*** Opening GIVEN ENTRIES ***
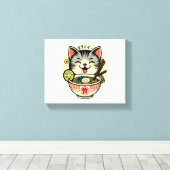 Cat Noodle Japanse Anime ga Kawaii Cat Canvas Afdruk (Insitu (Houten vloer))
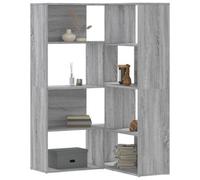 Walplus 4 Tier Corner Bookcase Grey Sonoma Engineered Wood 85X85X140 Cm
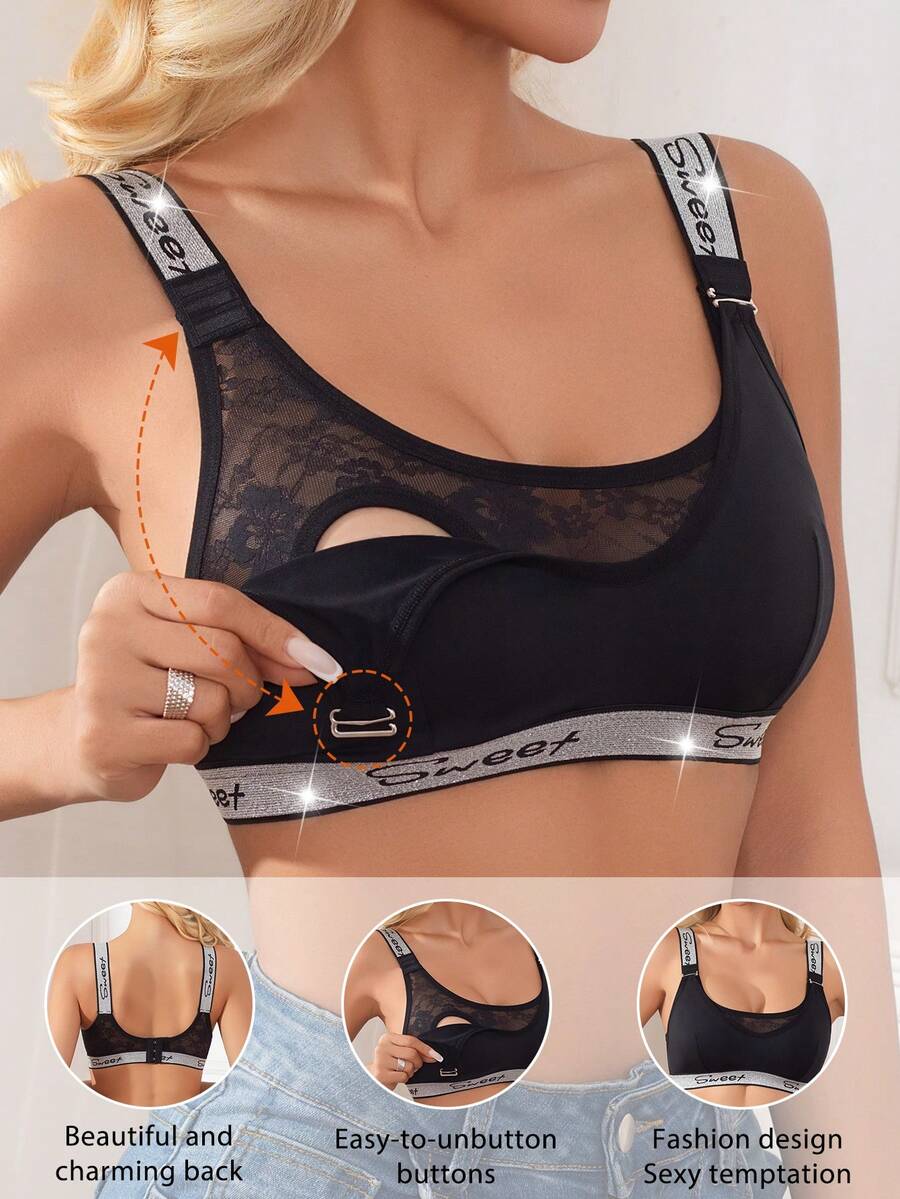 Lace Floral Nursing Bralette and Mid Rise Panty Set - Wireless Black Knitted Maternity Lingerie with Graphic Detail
*** Closing GIVEN ENTRIES ***
*** Opening GIVEN ENTRIES ***
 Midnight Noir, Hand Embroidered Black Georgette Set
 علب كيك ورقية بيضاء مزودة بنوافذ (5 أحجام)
*** Closing GIVEN ENTRIES ***
*** Opening GIVEN ENTRIES ***
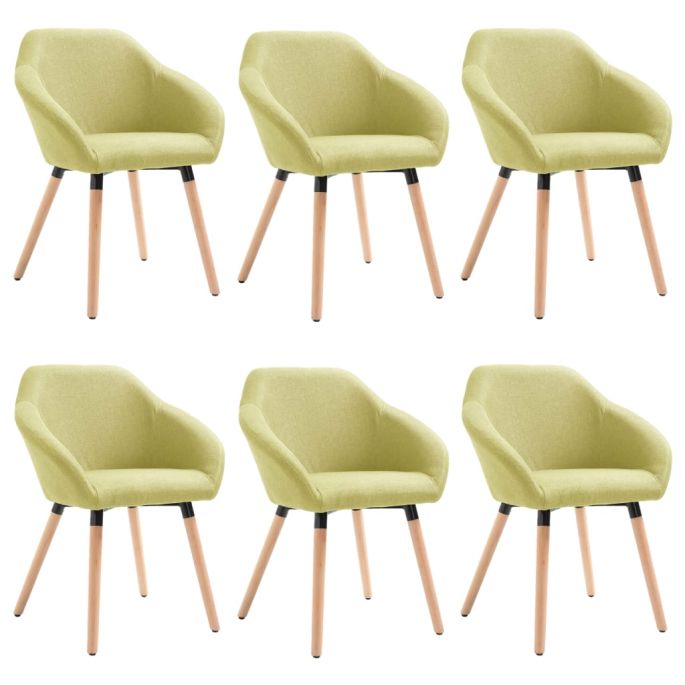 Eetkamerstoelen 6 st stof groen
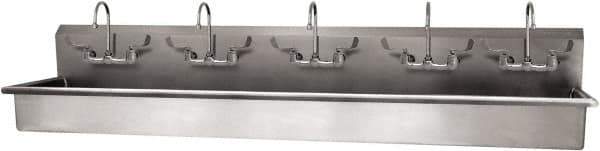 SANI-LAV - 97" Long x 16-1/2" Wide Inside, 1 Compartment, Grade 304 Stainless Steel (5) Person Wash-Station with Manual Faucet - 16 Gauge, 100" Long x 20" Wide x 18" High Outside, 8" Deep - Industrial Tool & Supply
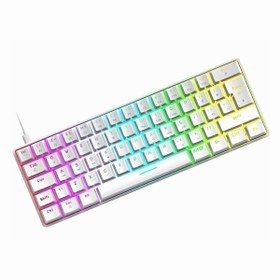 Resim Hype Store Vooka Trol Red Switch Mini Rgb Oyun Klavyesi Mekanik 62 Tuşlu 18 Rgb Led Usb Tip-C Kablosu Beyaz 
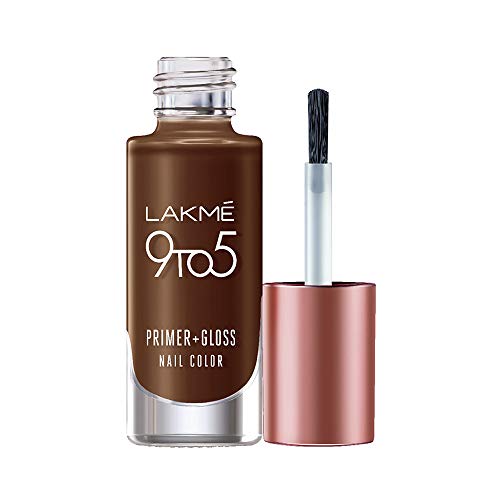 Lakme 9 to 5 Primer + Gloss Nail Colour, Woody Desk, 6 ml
*** Closing GIVEN ENTRIES ***
:: WHAT THE EXERCISE ASKS ::
Please output the lines above beginning at the line with "Walplus 4 Tier" and ending after the line with "Lace Floral Nursing", precisely as written and with no pictures.

:: REPLY TO THE EXERCISE ::
 Walplus 4 Tier Corner Bookcase Grey Sonoma Engineered Wood 85X85X140 Cm
 Lace Floral Nursing Bralette and Mid Rise Panty Set - Wireless Black Knitted Maternity Lingerie with Graphic Detail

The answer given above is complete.